We're also working on a project that will authenticate Gmail, Hotmail, and
Yahoo users via OpenID or OAuth, eliminating both the Persona password _and_
the verification email.

Native support should land in Firefox 17 (off by default), and the provider
bridge should go live in 4-6 weeks.

> _"The only way I could find to actually clear out my cached credentials from
> Persona.org was to go back into the Login dialog and click the ‘This is not
> me’ button."_

You can also sign out by going to <https://login.persona.org/> and clicking
"sign out," but that's not ideal either. Native support in the browser will
make this much better. If I recall correctly, we did some user testing earlier
this year and found that no matter which option we went with -- logging out
everywhere or just logging out of the site at hand -- a very large percentage
of users were confused.

Do you have any alternative ideas for approaching this?

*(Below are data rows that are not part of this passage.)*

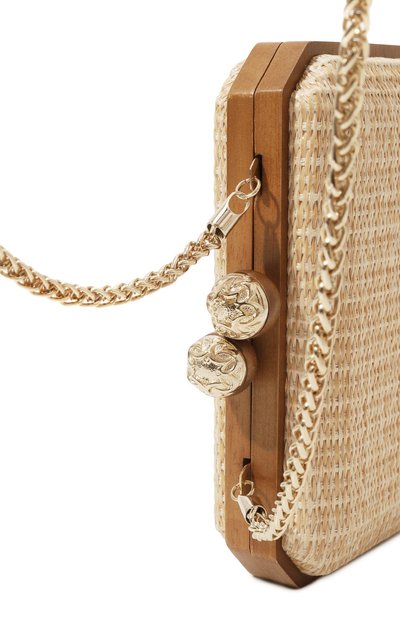 Клатч ELIE SAAB, арт. MN002, фото 3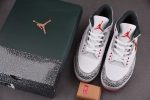 Air Jordan 3 ''Wings'' Hm6993-100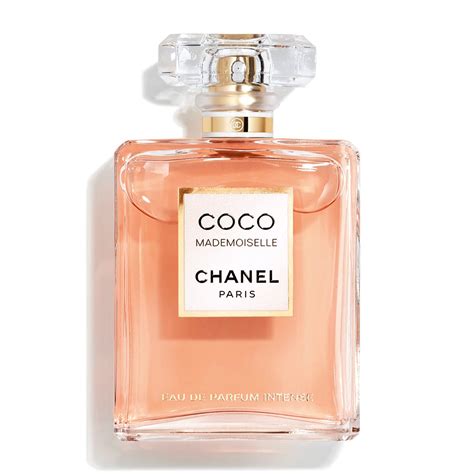 shop chanel coco mademoiselle intense  chanel eau de parfum air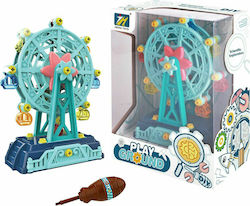 ToyMarkt Diy Луна Парк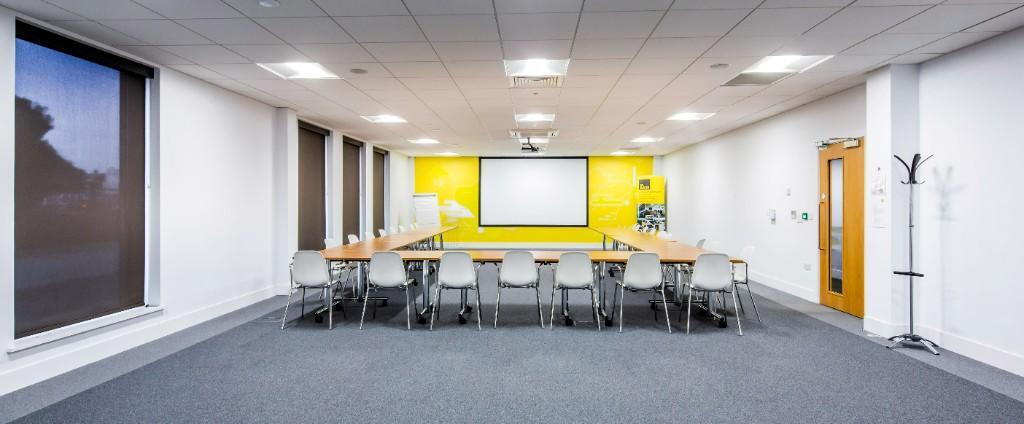 Event Space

> _"The Login dialog opened as if an email address should have been listed,
> but no email was present."_

What sort of connection were you on? If I recall correctly, we've seen similar
issues when users are on slow connections / high packet loss connections. I've
filed a bug to investigate: <https://github.com/mozilla/browserid/issues/2090>

> _"Validation is complicated enough they don’t want sites trying to do it
> themselves"_

The data formats are still in flux while we wait for the IETF to finalize some
specs, but if you don't mind keeping your validator up to date, you're totally
welcome to do local validation. You can either reuse our validator (writtin in
NodeJS), or use PyBrowserID which has experimental support for local
validation.

This stuff will stabilize in mid-August when we formally anounce a "Beta"
release and commit to API stability, etc. We're almost there! For the working
group progress, see <http://datatracker.ietf.org/wg/jose/charter/>

> _"even if a domain does advertise support for BrowserID, that doesn’t
> exclude certificates from being accepted that are generated by
> Persona.org."_

We're tracking that in Issue #1501:
<https://github.com/mozilla/browserid/issues/1501>

> _"Does BrowserID tell you if the user just recently reset their password?
> No."_

Brian Warner has implemented something like this, which invalidates all
login.persona.org-backed sessions upon a password change. Pull Request #2026:
<https://github.com/mozilla/browserid/pull/2026>

> _"The fact is, when BrowserID says ‘okay’, you don’t have any assurance the
> person on the other end even knows the user’s password. [...] requiring the
> website to abdicate all responsibility to a black box that just says ‘okay,
> let foo in’"_

I strongly disagree with this characterization -- for the case of users with
native IdP support, you're assured that the user agent successfully
authenticated with the email provider within a window of time determined _by_
that provider. For users of our fallback, this is _never_ more than 24 hours,
and in the case of public computers, is one hour by default.

That's a much stronger claim than you can make with a traditional password-
based system, where a sniffed credential can be valid for months.